* Problem
All that should appear is the run of lines from the one containing "Rehabilitasi Lahan Rusak" through the end of the records, each repeated exactly.

--

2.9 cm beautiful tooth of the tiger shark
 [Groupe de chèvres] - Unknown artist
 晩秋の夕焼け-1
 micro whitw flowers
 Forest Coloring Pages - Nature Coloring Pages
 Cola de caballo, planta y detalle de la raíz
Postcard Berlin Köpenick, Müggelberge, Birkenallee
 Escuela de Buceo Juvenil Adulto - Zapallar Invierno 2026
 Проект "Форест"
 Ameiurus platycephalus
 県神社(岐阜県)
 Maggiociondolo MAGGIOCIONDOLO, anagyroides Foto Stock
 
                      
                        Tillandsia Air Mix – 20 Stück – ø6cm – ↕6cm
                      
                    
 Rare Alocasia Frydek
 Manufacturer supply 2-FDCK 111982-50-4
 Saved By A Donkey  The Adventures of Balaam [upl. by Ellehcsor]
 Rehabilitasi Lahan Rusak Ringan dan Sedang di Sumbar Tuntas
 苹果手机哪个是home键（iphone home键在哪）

--

* Task solution
 Rehabilitasi Lahan Rusak Ringan dan Sedang di Sumbar Tuntas
 苹果手机哪个是home键（iphone home键在哪）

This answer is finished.